1. Mengembangkan sistem perekonomian anggota dalam bentuk badan usaha produktif
2. Meningkatkan sumber daya atau peningkatan kemampuan anggota, yang mampu menguasai dan mengaplikasikan ilmu pengetahuan dan teknologi
3. Mengembangkan kemandirian dalam mengurus sumber daya pendanaan dan menikmati hasil-hasilnya.
4. Mengelola pusat informasi berkaitan dengan kepentingan Anggota khususnya teknologi kelapa sawit, pasar, dan modal
5. Membangun jaringan kerja sama dengan lembaga-lembaga di tingkat lokal, nasional, dan internasional dalam memperjuangkan hak-hak anggota yang lebih baik
Petani kelapa sawit sejatinya memiliki basis produksi yang jelas yaitu tanah dan kebun sawit yang mereka kelola di atas tanah tersebut, persoalan saat ini adalah partsispasi dalam penegloaan kebun dimana petani belum memiliki keahlian bagaimana pengelolaan dan produktifitas atas tanah dan kebun mereka karena komoditas sawit masih merupakan hal yang baru dan jauh dari budaya dan pola pengelolaan sumberdaya alam yang selama ini dikuasai oleh mereka. Upaya-upaya ekonomi penting dan harus didukung dengan upaya-upaya politik. Basis-basis produksi petani sawit harus dipertahankan melaui upaya-upaya politik, Inisiatif upaya ekonomi yang dilakukan SPKS Kalbar antara lain iuran anggota organisasi. Bahkan dibeberapa wilayah sudah mulai mengumpulkan hasil dari panen mereka untuk dijadikan kas organisasi dalam pembiayaan kebutuhan kerja-kerja organisasi di luar iuaran anggota.
(2) Aksi Politik
Aksi politik organisasi SPSK adalah aksi yang sangat penting dilakukan dan syarat dan konsukewensinya tinggi dan berat.
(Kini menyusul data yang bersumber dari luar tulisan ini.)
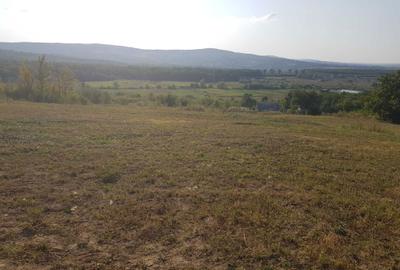 Teren de 6000 mp, în Curături - 3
Aksi-aksi politik ini tentunya bisa dilihat dan di ukur dari kempuan organisasi. Aksi plitik ini akan selalu berhadapan dengan rezim dan pengusa saat ini. Kegiatan-kegaitan yang diprogramkan oleh SPKS antara lain :
1. Mengajukan usulan-usulan kebijakan kepada pemerintah berkaitan dengan kepentingan anggota
2. Mengembangkan sumber daya petani dan kelembagaan perkumpulan agar dapat ikut berperan serta secara politis
Aksi Politik yang sudah dilakukan oleh SPKS Sanggau adalah mendudki Kantor Bupati Sanggau dan memaksa pihak pemerintah daerah untuk membuat Tim penyelseaian konflik atas persoalan-persoalan petani dan mendesak DPRD Provinsi Kalbar dan DPRD Kabupaten Sanggau untuk membentuk pansus perkebunan sawit. Dalam kondisi ini sebenarnya harus ada perubahan yang kongkrit atas tindakan-rindakan politik tersebut, namun dalam perkembanganya aksi politik tersebut di batalkan oleh organisasi yang mengakibatkan proses tersebut tidak berarti bagi petani kelapa sawit khusunya di Sanggau.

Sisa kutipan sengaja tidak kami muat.